**GIVEN ENTRIES**
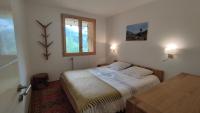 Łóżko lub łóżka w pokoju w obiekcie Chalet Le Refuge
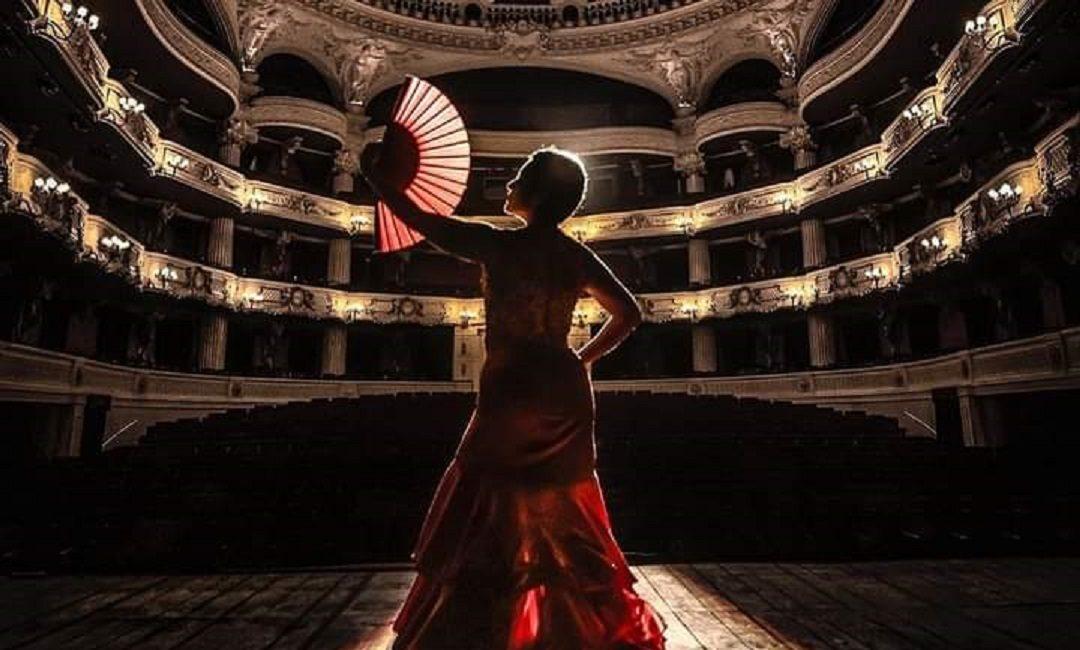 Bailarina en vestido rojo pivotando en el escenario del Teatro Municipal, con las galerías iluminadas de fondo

--

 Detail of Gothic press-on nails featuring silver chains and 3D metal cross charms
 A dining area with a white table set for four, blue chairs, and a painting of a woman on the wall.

--

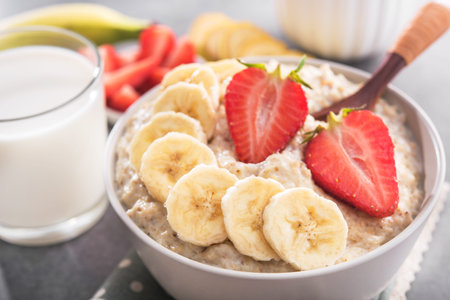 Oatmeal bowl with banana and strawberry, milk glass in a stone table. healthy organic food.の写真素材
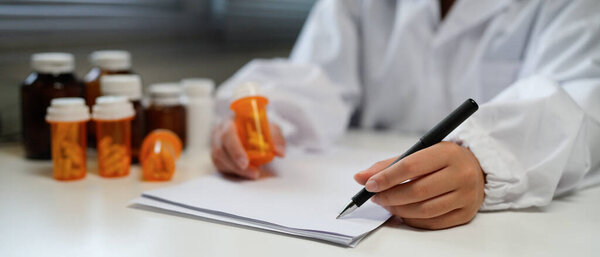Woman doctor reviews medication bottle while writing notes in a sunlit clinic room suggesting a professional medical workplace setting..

**ACTIVITY**
The copy should hold only the lines from the one with "Łóżko lub łóżka" through the one with "Bailarina en vestido", exactly as they stand above. Leave out the pictures.

**SOLVED PROBLEM**
 Łóżko lub łóżka w pokoju w obiekcie Chalet Le Refuge
 Bailarina en vestido rojo pivotando en el escenario del Teatro Municipal, con las galerías iluminadas de fondo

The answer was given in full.